The best practice would be to build the ROS stuff in a catkin
workspace and then make install
those packages separate from your other project and then build your project on top of the installed catkin
packages, which can be found using find_package
or pkg-config
.
The other good thing to do would be to just use catkin
for all of your project, so that your "larger" project is just another package in the catkin
workspace, this is the best way to get access (find_package
) to all of the packages in the catkin
workspace at build time in a single CMake invocation, and this is what catkin
was designed to do.
If you are dead set on integrating several catkin
packages in to a single CMake project, another strategy might be to just have a catkin
workspace in your project and call add_subdirectory
on the catkin
workspace.
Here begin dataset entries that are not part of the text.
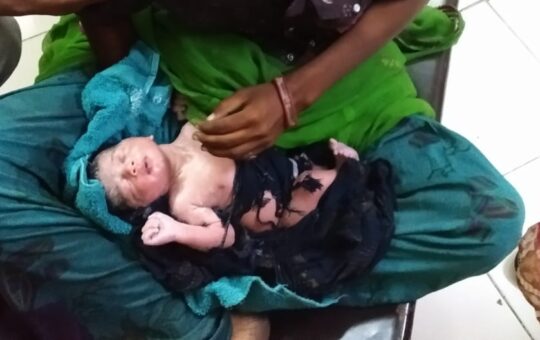 Mumbai- Tohili Bano (22), a pregnant woman who was traveling from Jodhpur to Mumbai, gave birth to a healthy baby boy at the emergency medical room jointly run by Apex Hospital and Western Railway at Borivali station. Doctors said that this is the second such delivery in Mumbai. EMR Head and Senior Physician of Apex Hospital Dr. Umesh Gaikwad said, “Eight-month pregnant woman was coming from Jodhpur to Mumbai for delivery purposes. Her husband was also with her. But after crossing the Virar station, his stomach started churning. After the woman started vomiting, her husband told the employee working in the canteen. Realizing the seriousness of the situation, the security personnel on duty in the said coach informed the Borivali station. Then the team of Borivali Railway Police Station Senior Police Inspector Anil Kadam and Police Sub-Inspector Jayashree Mughalgir with the help of RPF and other security guards brought the woman to the medical room of Apex Hospital at platform number 3 of Borivali station."  At this time Dr. Umesh Gaikwad, Dr. Lakhichand Prajapati, Dr. Pankaj Rai, nurses Rekha Parmar and Savita Chaudhary delivered the woman successfully. She gave birth to a healthy and fit baby boy. The health of the baby and mother is good and they have been sent to Shatabdi Hospital. Apex Hospital and Western Railway jointly have a hospital at platform No. 3 which provides accident treatment, medical check-ups, and other essential medical services. Apex Hospital Group has been implementing this initiative with Western Railway for the last 4 years as a social commitment. Through this initiative, medical facilities are being provided to thousands of passengers at a low cost. GRP Kailas Shahane, Sushant Shinde, Devendra Shinde, Sagar Nagtilak Snhel Gawde, Home Guard Rani Borule, Siddhesh Kadam, Police Constable Jotiram Khote and Borivali Station Master Bharatbhushan Kakera and Station Superintendent Razak Shaikh were there for the safe delivery of the woman after 45 minutes after starting labor pain in Virar station.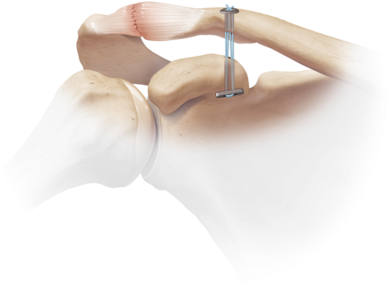 Acromioclavicular Joint Separation 1 Large - Dog Bone Arthrex (400x370), Png Download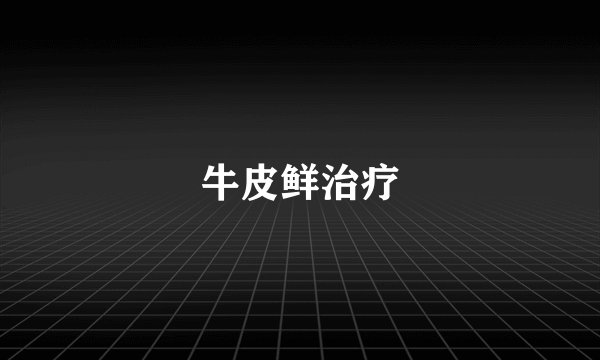 牛皮鲜治疗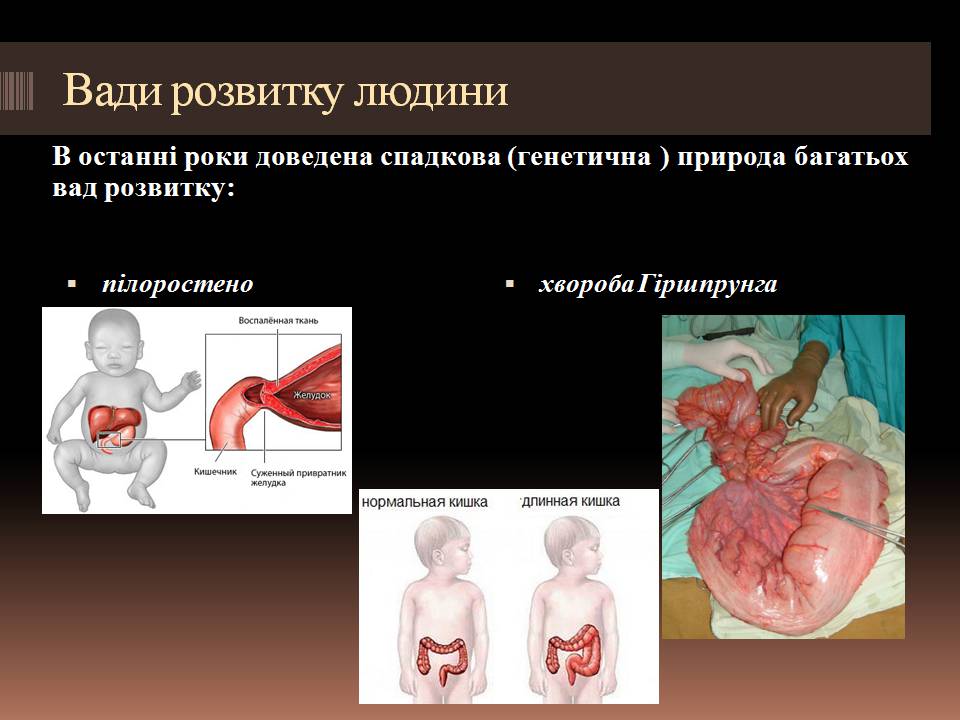 Презентація на тему «Гомеостаз ембріонального розвитку» - Слайд #10 Презентація на тему «Гомеостаз ембріонального розвитку» - Слайд #10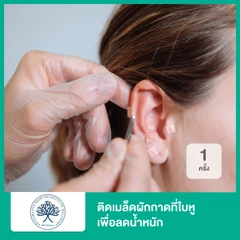 ติดเมล็ดผักกาดที่ใบหูเพื่อลดน้ำหนัก 1 ครั้ง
I haven't tried this and I am not sure what side effects this might have, but you are welcome to try it.
Either way I would not call catkin_make
directly from another CMake project. All catkin_make
does is something like this:
# In catkin workspace with packages in the `src` folder
cd src
catkin_init_workspace # This creates the CMakeLists.txt in the top of the workspace
cd ..
mkdir build
cd build
cmake ../src -DCMAKE_INSTALL_PREFIX=../install -DCATKIN_DEVEL_SPACE=../devel
make
There is no magic in catkin_make
which is required to build a catkin
workspace. You should be able to copy over the top-level.cmake
file to the catkin
workspace in your project and use add_subdirectory
on it.
I get a "famous question" badge, but no answers/discussion. Looks like I'll have to do my hack.
I guess so. When no one responds it's generally because no one knows the answer.
ROS brings a similar amount of baggage to cmake as qt does. Not much but more than I'd like. Integrating ros code into an existing cmake project is straightforward. The catkin CMakeLists.txt guide will tell you what you need to know.